J'en reviens donc à ce que j'avançais précédemment : soit vous jouez là au "pseudo-savant" afin de satisfaire votre ego (alors que vous n'êtes visiblement pas à même de maîtriser certains concepts ou certaines démarches que vous évoquez), en voulant "casser" -
sous couvert de votre pseudonyme - des travaux qui vous déplaisent, soit vous vous livrez à une présentation volontairement biaisée, ou caricaturale, de travaux pouvant contribuer à remettre en cause la légitimité sociale du secteur professionnel dans lequel vous évoluez à des fins parfaitement intéressées d'auto-promotion. L'une des hypothèses n'excluant, d'ailleurs, pas l'autre...
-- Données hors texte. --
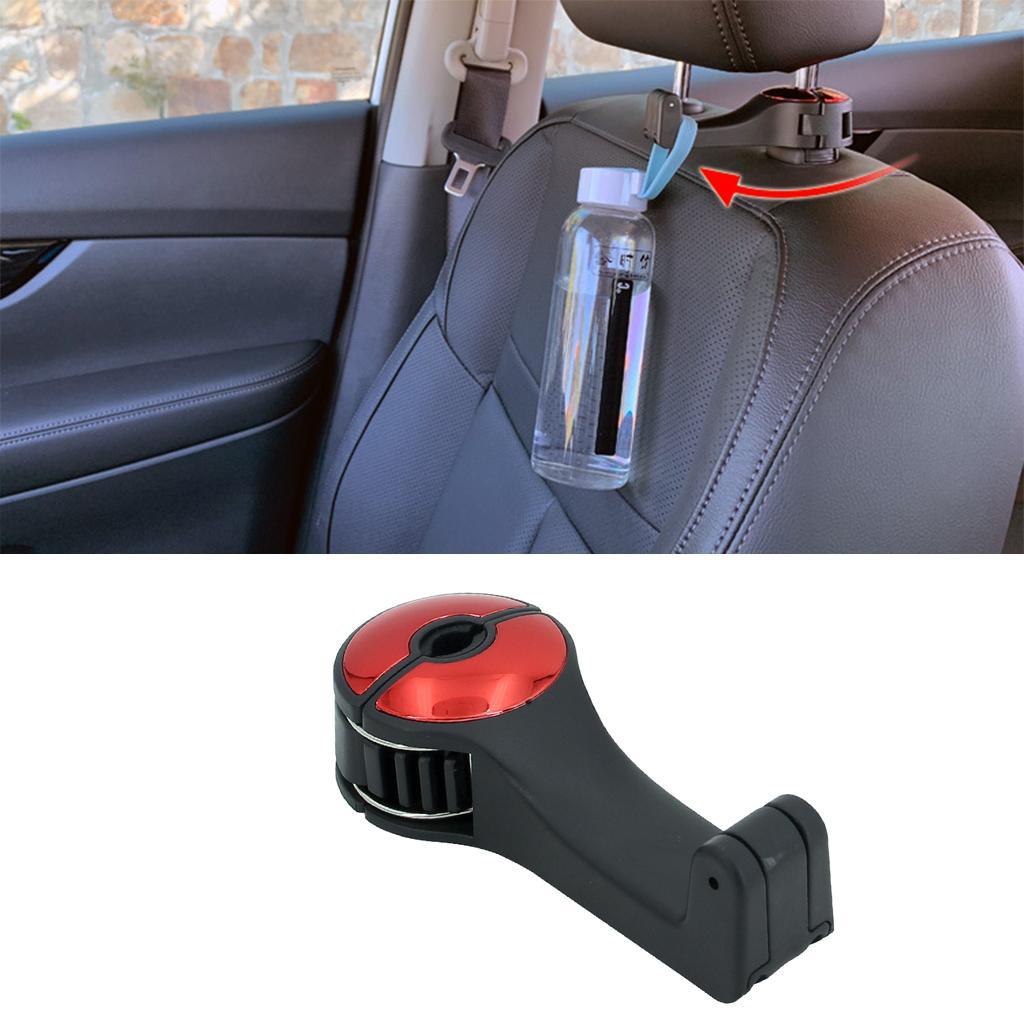 Car Seat Back Hook with Phone Holder mount and storage Purse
Quoi qu'il en soit, comme vous vous exprimez publiquement, que la "critique" que vous avez rédigée sur mon livre présente des dimensions quasi-insultantes, il me semblait utile de venir questionner votre démarche ici, par rapport au lectorat potentiel de votre Blog.
Laurent Trémel
Bonjour M. Tremel,
Je m'excuse en premier lieu d'avoir tardé à vous répondre, je n'ai pas la même chance que vous, et l'on ne m'a pas signalé votre commentaire. Je croyais même être le seul à lire mon blog ! Or, Blogger est très mal fait pour la consultation des commentaires.
Sachez donc que pour un premier commentaire, je suis flatté que ce soit l'auteur en personne qui me réponde.
Je pense en premier lieu que vous donnez beaucoup trop d'importance à ce que j'écris, et je ne suis pas sûr que beaucoup de gens auraient relevé ma critique sur votre ouvrage. Mais je suppose que la véhémence de vos commentaires sont à la hauteur de votre déconvenue. Pourtant, vous qui avez étudié sociologiquement la "culture critique" des joueurs, vous devriez mieux savoir que quiconque qu'elle valeur accorder à mes propos.
Vous "questionnez ma démarche", mais elle n'est que l'avis d'un lecteur qui vous a lu attentivement, qui a apprécié votre livre, mais qui n'est pas d'accord avec vous. A la rigueur, si vous voulez savoir ce qui me fait porter un tel jugement, je vous invite à parcourir mon blog et a consulter les ouvrages que j'ai le plus appréciés. Ils vous en diront plus que moi sur les autres approches possibles du jeu et des "faiseurs de monde".
Et n'ayez aucune inquiétude, c'est le lecteur de votre livre qui tranchera et, qui sait, mon blog et votre commentaire lui ont fait peut-être fait de la pub, c'est tout le mal que je lui souhaite.
Dans tous les cas, prenez les choses avec philosophie : j'ai acheté votre livre, assez cher je trouve, et c'est donc toujours en définitive l'auteur, à savoir vous, qui en ressortez gagnant.
Enfin, faites confiance au lecteur, si ma critique est un tel "tissu d'incohérences", elle ne saurait vous faire du tort et se discrédite d'elle-même.
Je n'ai rien contre vous (bien au contraire), pas même votre commentaire, et je compte bien me procurer votre second ouvrage (collaboratif), que je critiquerai ici quand je l'aurai lu. Je ne doute pas d'y trouver des réflexions intéressantes.